DATA BLOCK
________________________________________

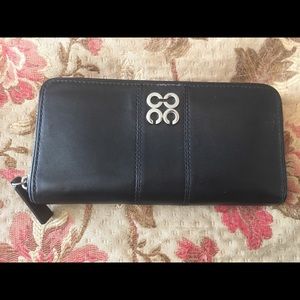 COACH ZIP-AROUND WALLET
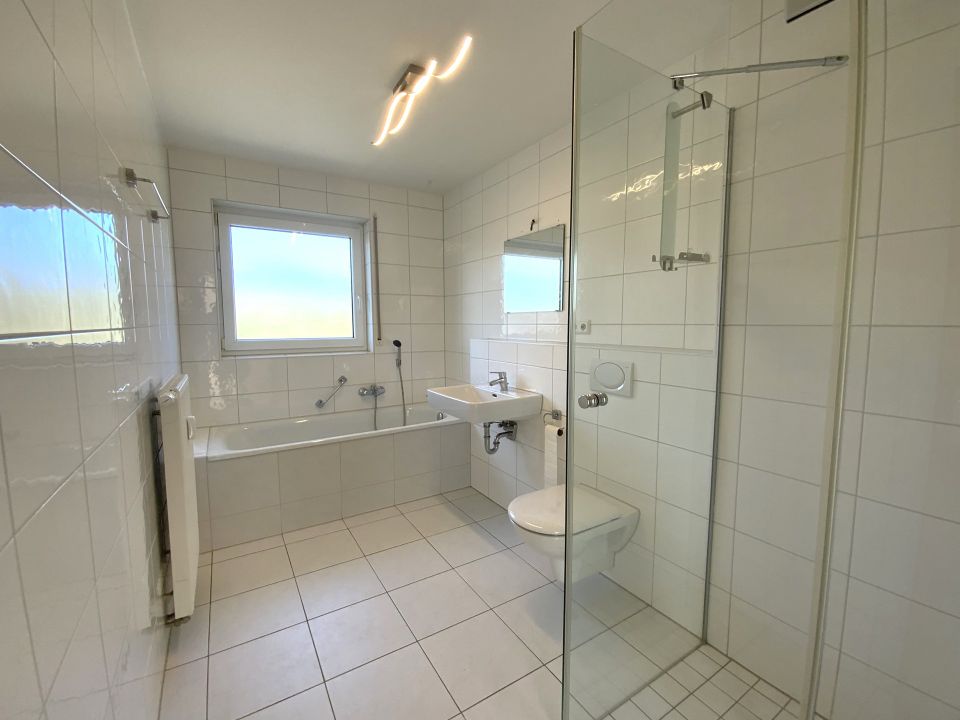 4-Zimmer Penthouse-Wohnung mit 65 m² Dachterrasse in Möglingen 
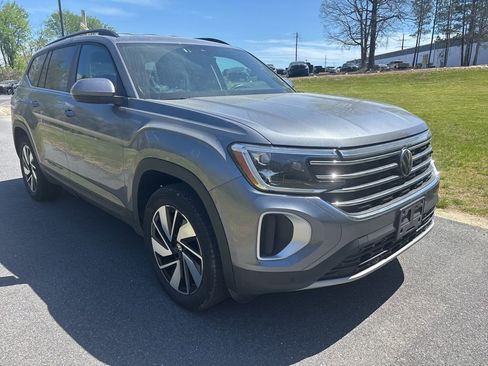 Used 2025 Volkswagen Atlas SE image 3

________________________________________

WHAT TO PRODUCE
Nothing but the lines from the one that holds "4-Zimmer Penthouse-Wohnung mit" through the end of the data should appear, written out exactly, without pictures.

YOUR SOLUTION
 4-Zimmer Penthouse-Wohnung mit 65 m² Dachterrasse in Möglingen 
 Used 2025 Volkswagen Atlas SE image 3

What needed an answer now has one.